To know in more detail please go through this. Pytorch implementation
- Pretained Biobert model link
- Python version
- Spacy version
- PyTorch Version
$ git clone https://github.com/seemapatel151997/BIOBERT-Relation-Extraction.git
Install all required python packages
$ pip install -r requirements.txt
To use BioBERT(biobert_v1.1_pubmed), download & unzip the pretrained model to ./additional_models folder.
run bash script to convert from tensorflow into pytorch version of the model.
Run main_task.py with arguments below. Requires SemEval2010 Task 8 dataset, available here. Download & unzip to ./data/ folder.
$ python main_task.py \
--train_data ./data/SemEval2010_task8_all_data/SemEval2010_task8_training/TRAIN_FILE.TXT \
--test_data ./data/SemEval2010_task8_all_data/SemEval2010_task8_testing_keys/TEST_FILE_FULL.TXT \
--use_pretrained_blanks 0 \
--num_classes 19 \
--batch_size 128 \
--gradient_acc_steps 2 \
--max_norm 1.0 \
--fp16 0 \
--num_epochs 50 \
--lr 0.00001 \
--model_no 2 \
--model_size 'bert-base-uncased' \
--train 1 \
--infer 0
The script can also automatically detect potential entities in an input sentence, in which case all possible relation combinations are inferred.

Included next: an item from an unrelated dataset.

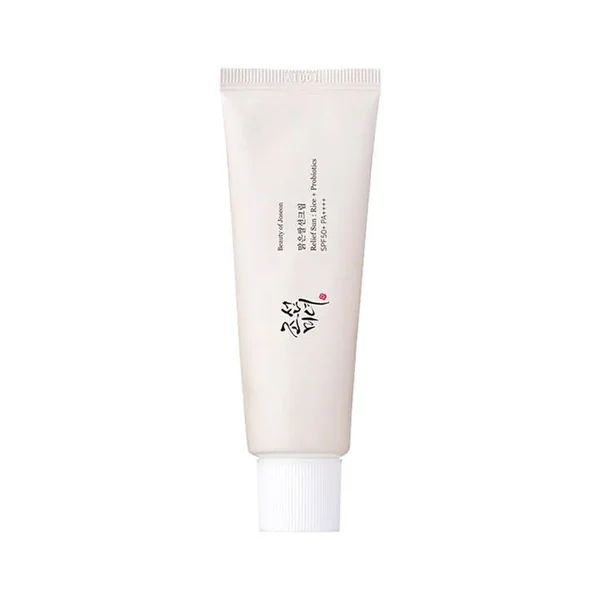 Beauty of Joseon Relief Sun Rice + Probiotics SPF50+ PA++++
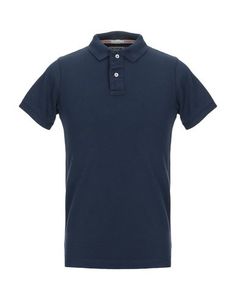 Поло Tommy Jeans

Set infer=1 to enable inference mode and train=0 to disable training mode. model_no=2 to use the fine-tuned BioBERT model.
$ python main_task.py \
--train 0 \
--infer 1 \
--model_no 2 \
--input_sent "The COVID-19 pandemic, also known as the coronavirus pandemic, is an ongoing global pandemic of coronavirus disease 2019 (COVID‑19) caused by severe acute respiratory syndrome coronavirus 2 (SARS-CoV-2)."